Rock Hard: The recent interview I did with Rock Hard magazine came out last week. The online version came out 2 weeks ago and I think the printed version dropped last week. I thought I would share it today. I’m very grateful that they would reach out to me and ask the questions they did. When I think about all the bands and heroes of mine who have been featured in this magazine over the years, I cant help but be overwhelmingly grateful and appreciative that they offered to share the story of my dear “Breakers” record. Thank you Ludwig Krammer and all at Rock Hard. I’ve included the English translated interview below.

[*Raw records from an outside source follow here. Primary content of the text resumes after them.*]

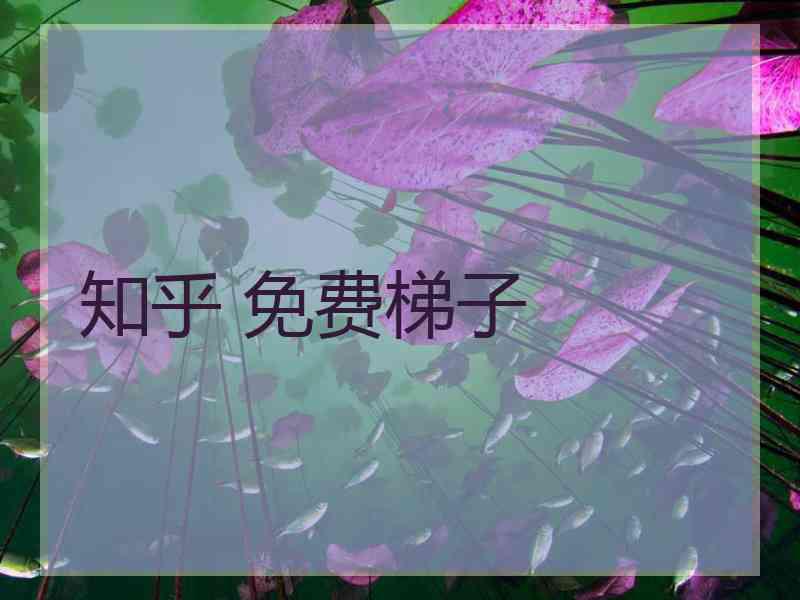 知乎 免费梯子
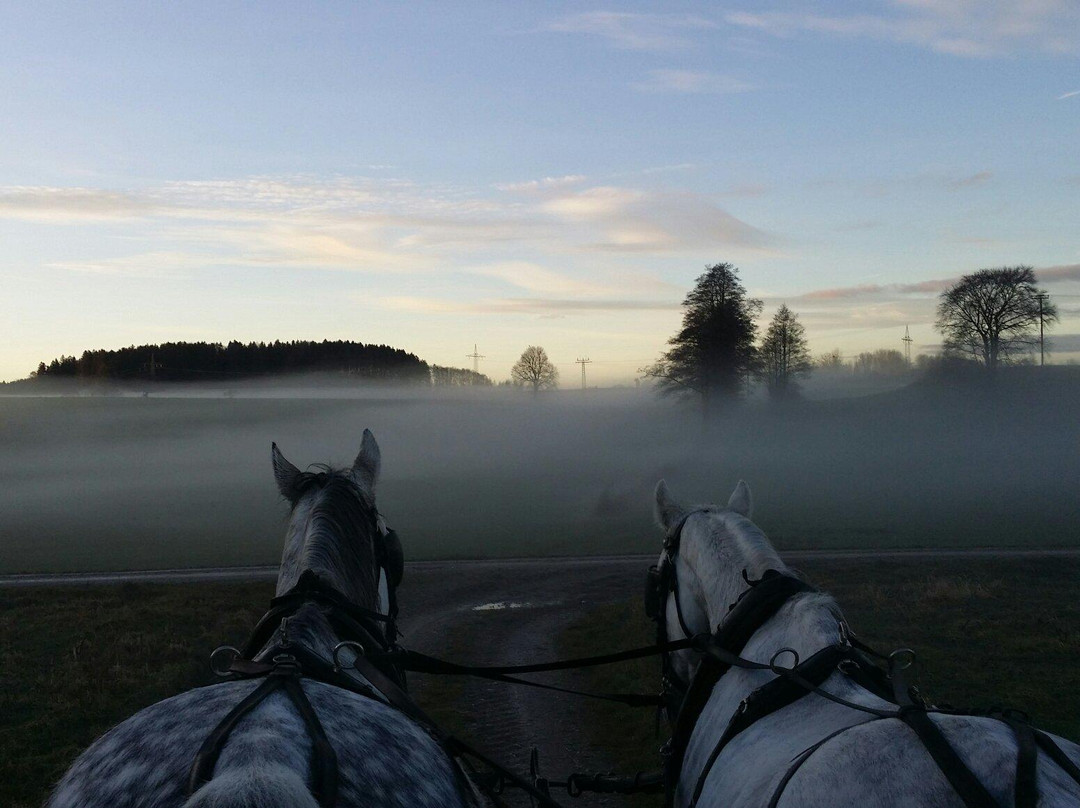 Coaching in Bavaria-Pahl必去景点
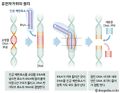 2024년 11월 20일 (수) 10:18 판의 섬네일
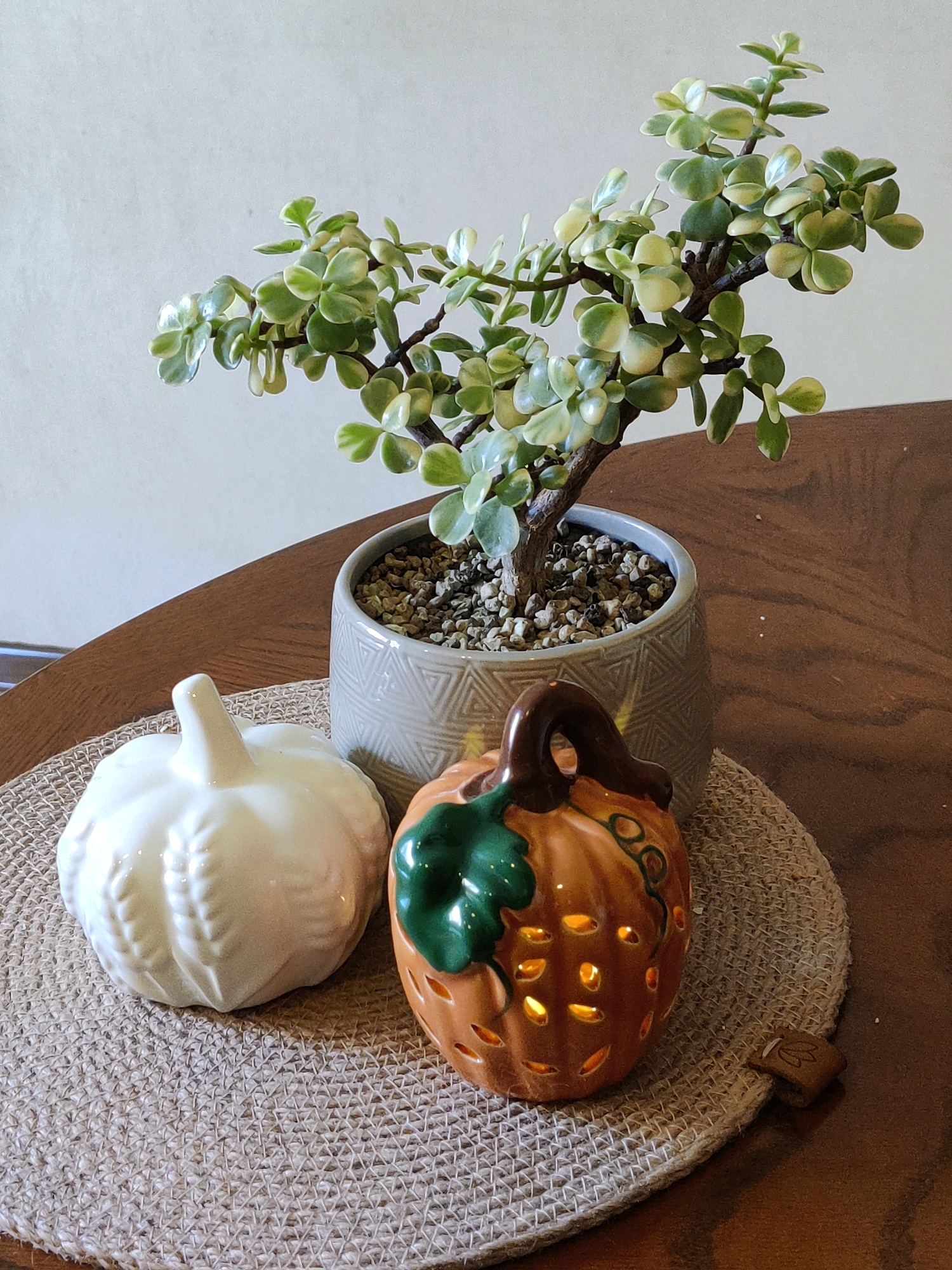 A still life photograph depicts a small, variegated jade plant in a textured gray pot placed on a wooden table. Beside the pot, on a round, woven placemat, are two decorative pumpkins. The pumpkin on the left is white ceramic with ribbed detailing and a short stem. The pumpkin on the right is orange ceramic with cut-out windows that emit a warm, glowing light, and a dark brown stem and leaf. A small, brown, leaf-shaped embellishment is placed on the edge of the placemat. The background is a plain, light-colored wall. The image does not contain any elements that suggest a specific location in Krasnodar, Russia.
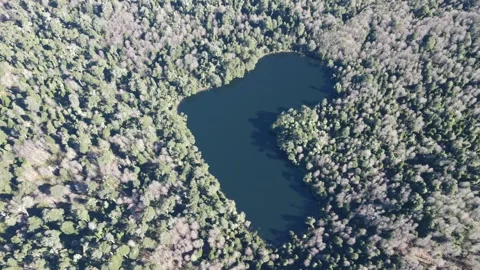 Heart shaped lake Video stock 159080684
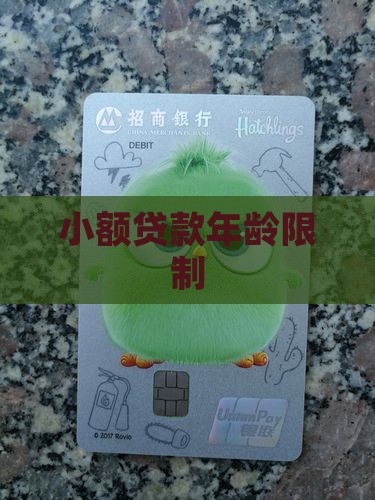 小额贷款年龄限制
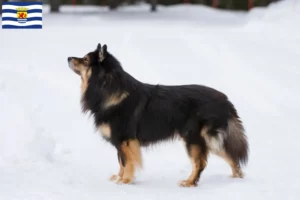 Mehr über den Artikel erfahren Finnischer Lapphund Züchter und Welpen in Zeeland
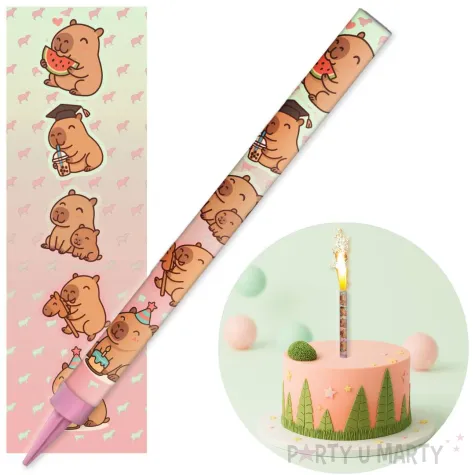 xx fontanna tortowa kapibary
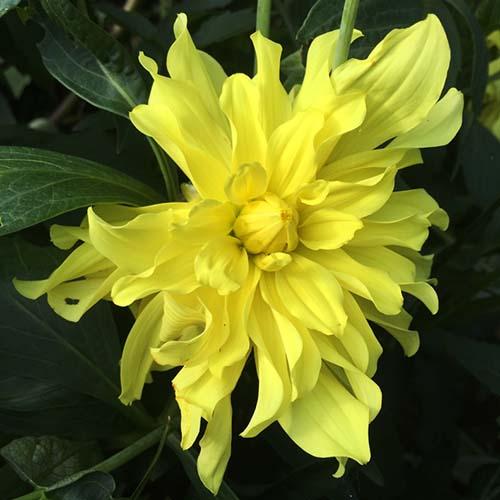 Георгина декоративная California Sunset (Калифорния Сансет) Георгина декоративная California Sunset (Калифорния Сансет)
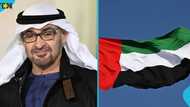 UAE lists document mistakes that could get foreigners arrested at entry points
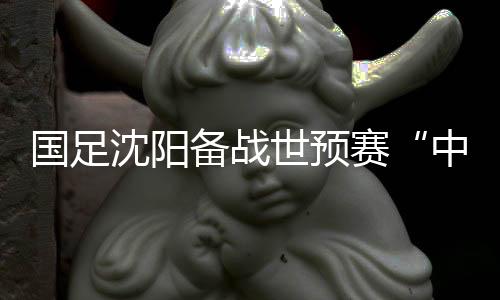 国足沈阳备战世预赛“中泰之战” 伊帅:伤病不是前进路上的“绊脚石”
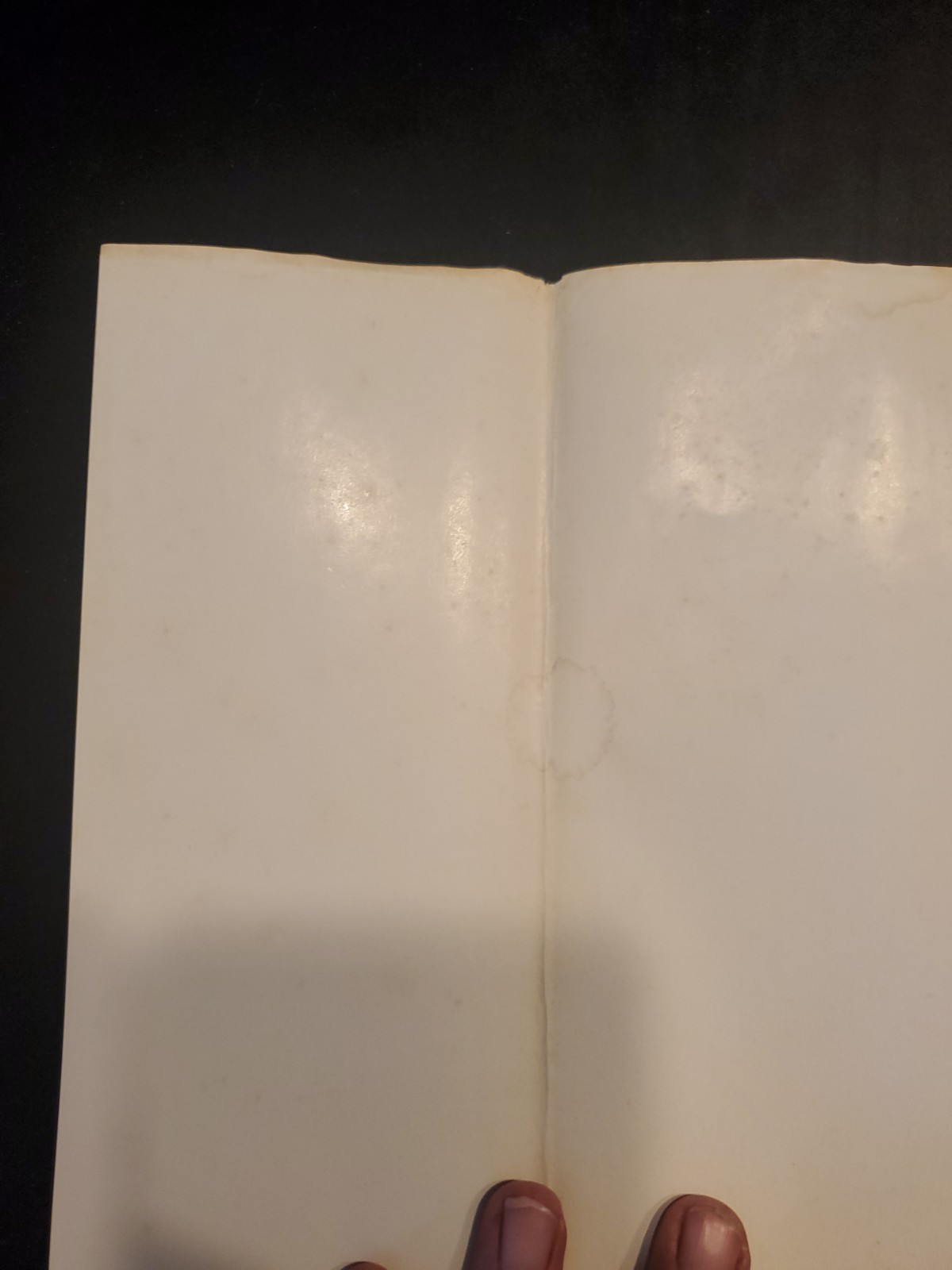 Stephen King FIRESTARTER 1980 Full Size BCE Hardcover Book Club Edition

Returning to the ashes, Breakers Vinyl Update: Back in late 2023, just before the holidays and Bella’s passing... I was fully engulfed in music videos for the Breakers record. I had a master plan. I had just completed all the filming for Long is the Road and was just beginning the final video edits when I was suddenly rerouted to Vinyl artwork layouts for the “Breakers” record. I suppose I could have whipped something together quick and that would have been ok for most people, but not me. Instead I had this notion to scour the images I collected over the years making the record. I thought it was important to include it all, the days before the fire… that magical home above the pacific… that man who first had the dream… the fire… the birth of John Evermore.. the old paint factory, my 200 north possession… the arrival of John Hadder, the tower at 408 and my little door at the LEX where I finished it all. I started this image collage at the LEX and worked backwards, arriving at the burned out images of my home in the pacific last week. Of course this was difficult for me. I won’t lie, I shed some tears last week. Bella looked so happy back then. When I see the man in those pictures, I can’t help but think about what he’s thinking and feeling at that time. During my visit of old hard drives, returning to the ashes of that home, I was reminded of why I started this record in the first place. I’m a man who usually looks ahead, perhaps because I don’t like how I feel looking in the rear-view mirror. Having said all this, I’m done sifting through hard drives and I’m closing out the layout. I’m sure the Lords at “No Remorse” will be happy to get artwork so they can start manufacturing the Vinyl. Soon enough I suppose. Sometime this spring, maybe late spring, I can see that vinyl on my desk here at the oaks with the music and words and images and memories of my time staring out at the breakers. It might just be the thing I need to keep the storms at bay.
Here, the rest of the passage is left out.